BEGIN Input

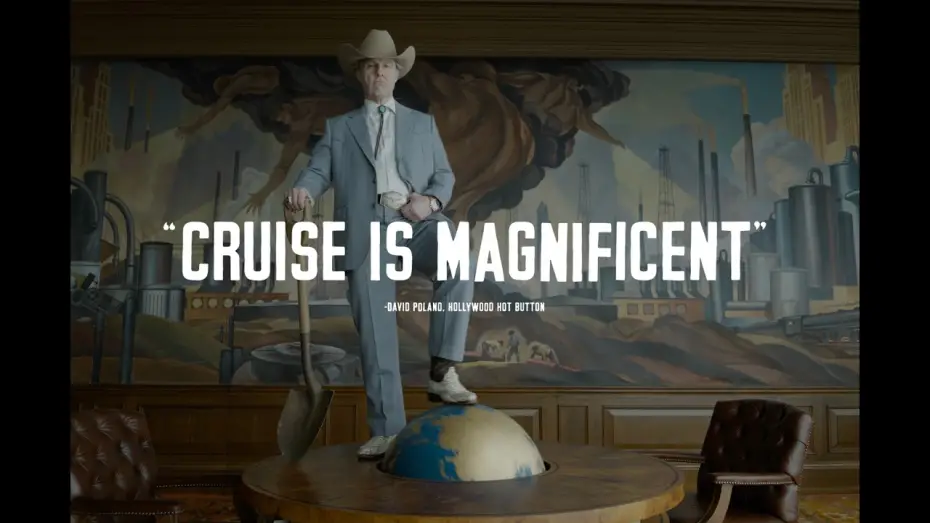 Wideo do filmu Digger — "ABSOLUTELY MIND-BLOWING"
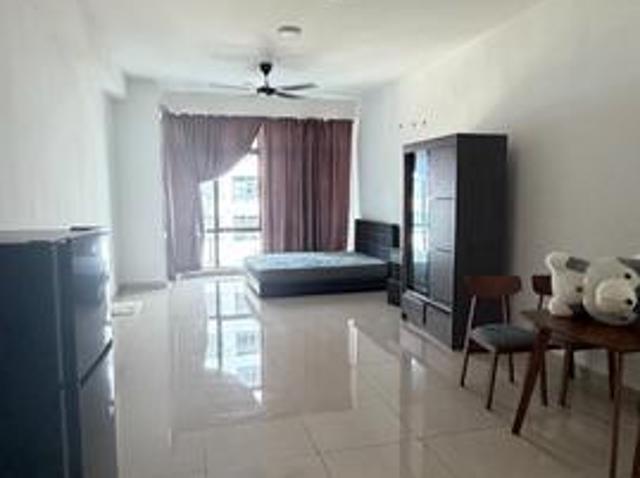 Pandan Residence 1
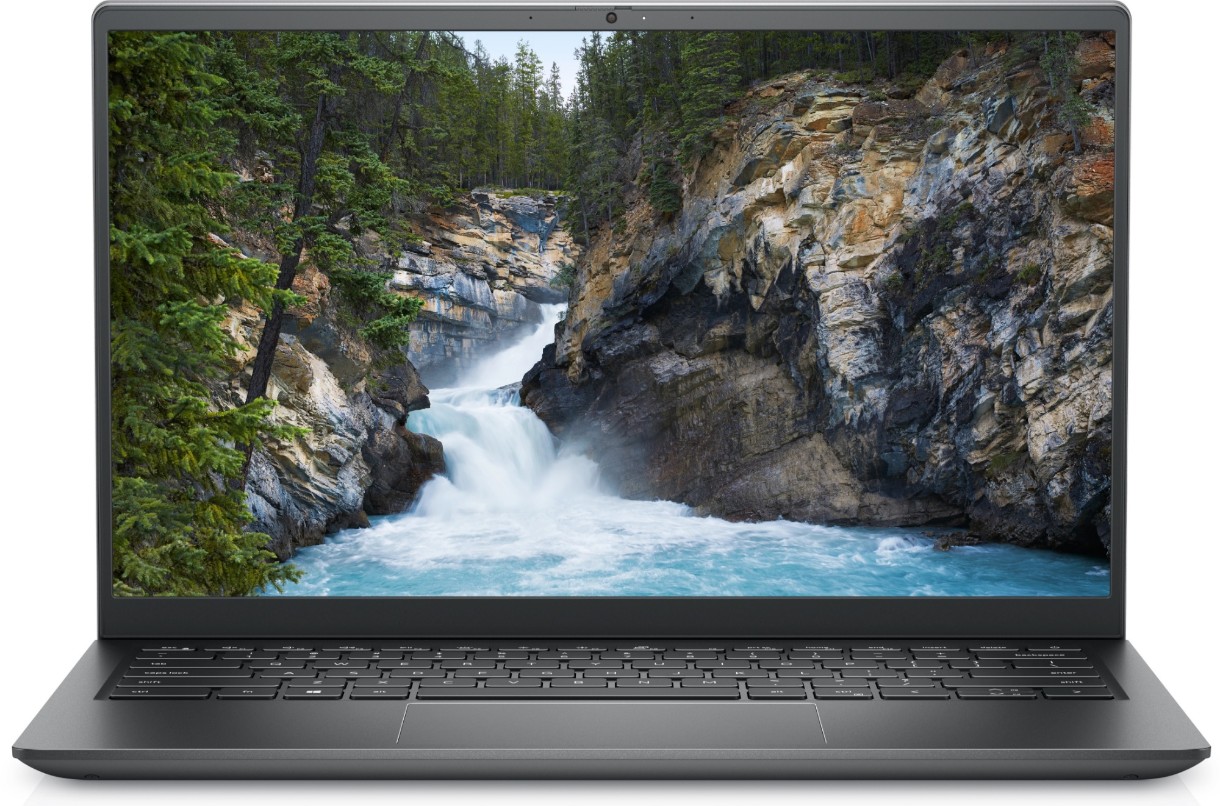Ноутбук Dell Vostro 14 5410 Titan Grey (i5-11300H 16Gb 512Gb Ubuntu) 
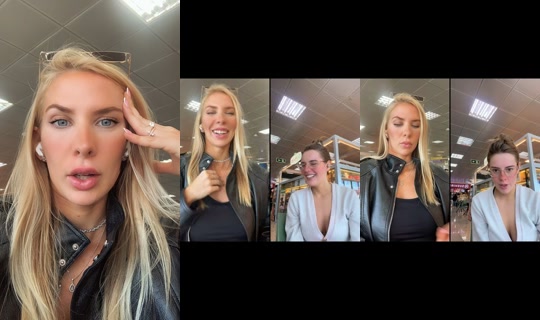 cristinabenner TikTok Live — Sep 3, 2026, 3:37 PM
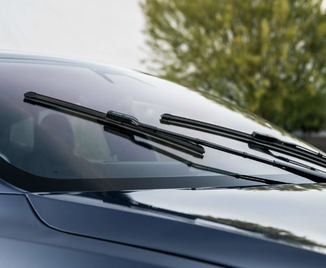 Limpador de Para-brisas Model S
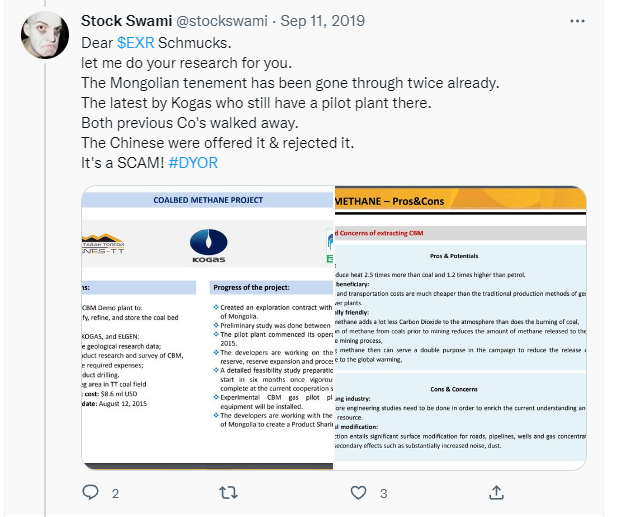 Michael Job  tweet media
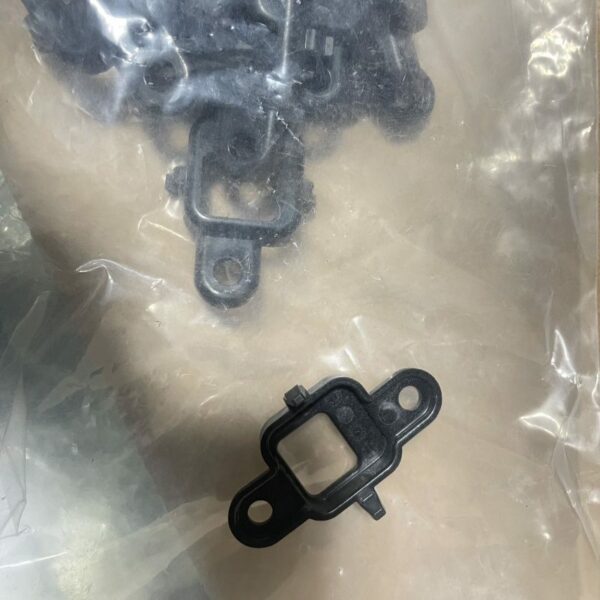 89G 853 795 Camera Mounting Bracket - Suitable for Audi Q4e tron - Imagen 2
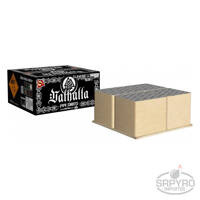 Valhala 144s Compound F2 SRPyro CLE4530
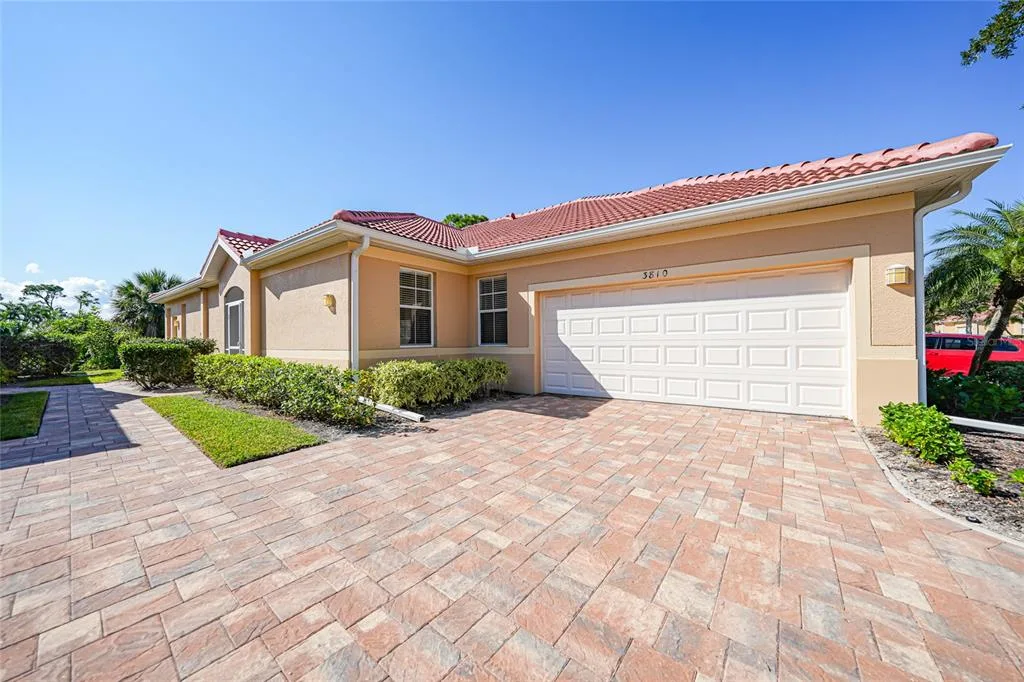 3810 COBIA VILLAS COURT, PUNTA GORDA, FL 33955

END Input
BEGIN Input

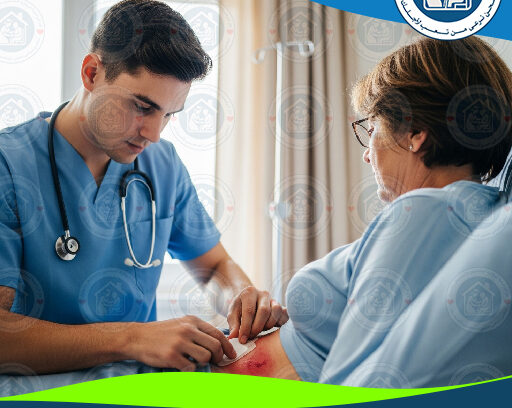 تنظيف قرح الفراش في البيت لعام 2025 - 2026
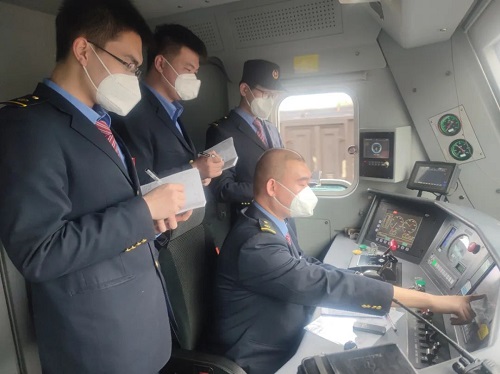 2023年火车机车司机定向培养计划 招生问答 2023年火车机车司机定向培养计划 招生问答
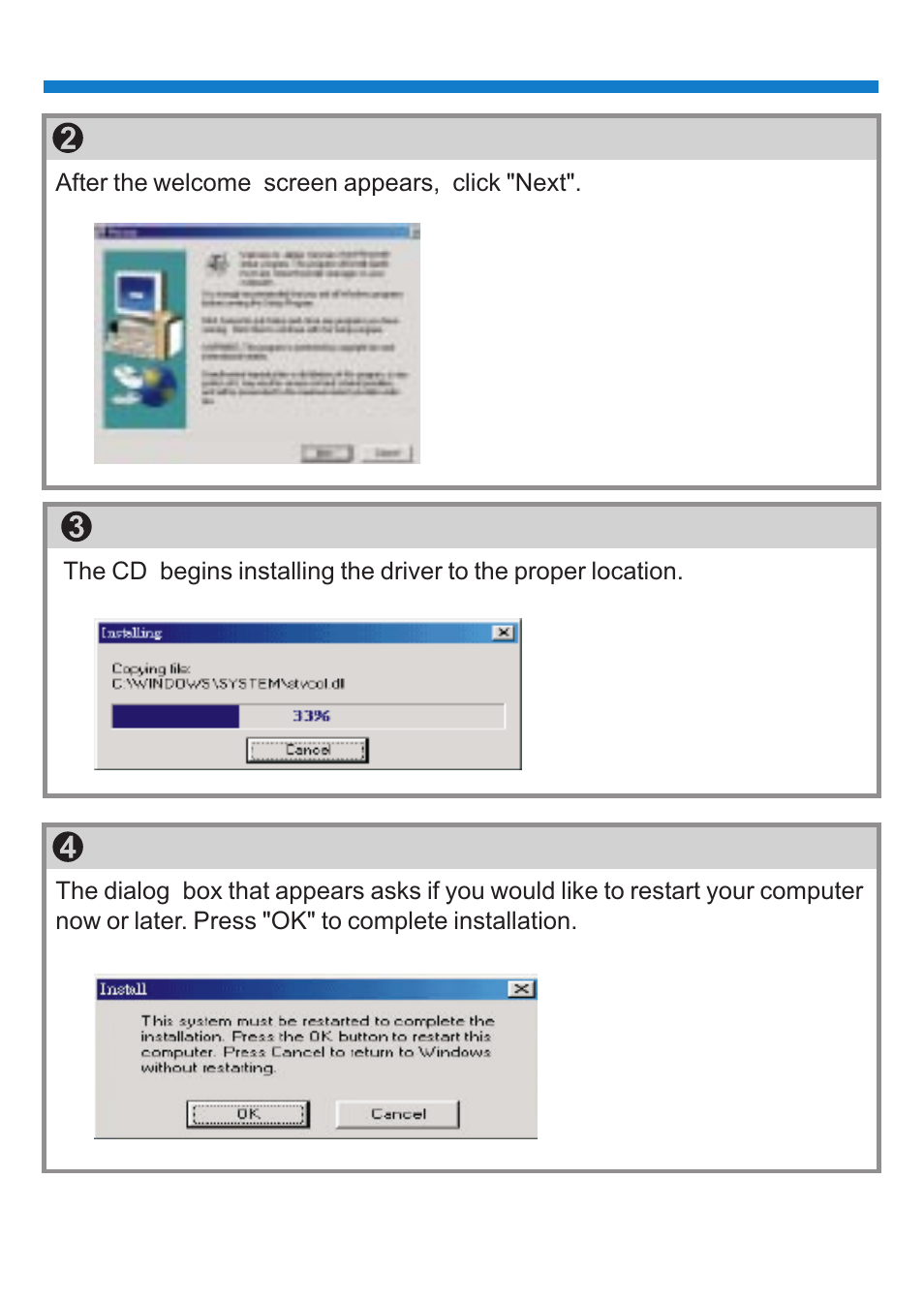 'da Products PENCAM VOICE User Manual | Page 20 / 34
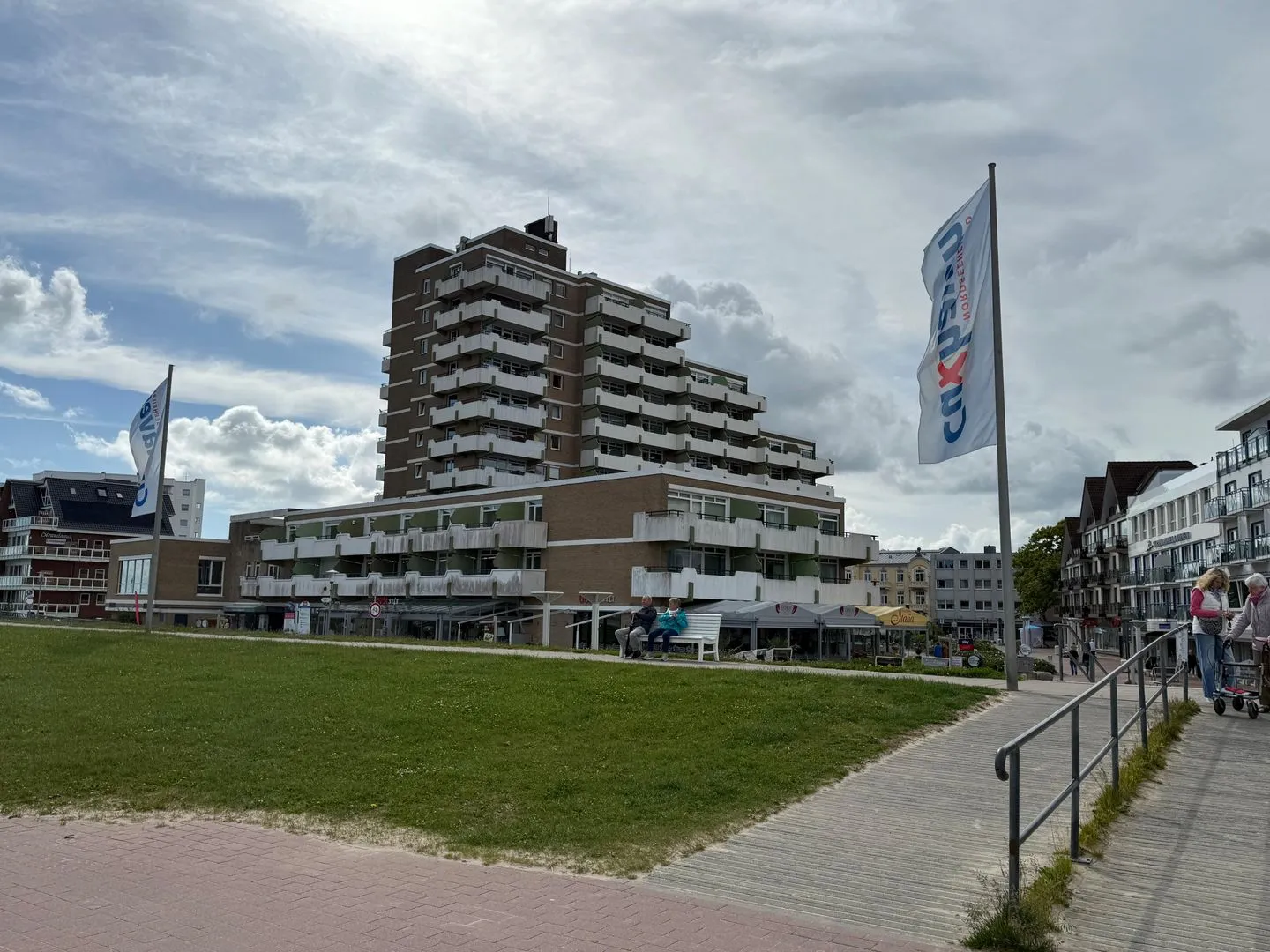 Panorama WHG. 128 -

END Input

● What to do
Pictures in the entries do not go into the copy. Print only the lines starting at the one containing "Page 20 / 34" and ending at the one containing "Panorama WHG. 128", exactly as they appear.

● Response to this exercise
 'da Products PENCAM VOICE User Manual | Page 20 / 34
 Panorama WHG. 128 -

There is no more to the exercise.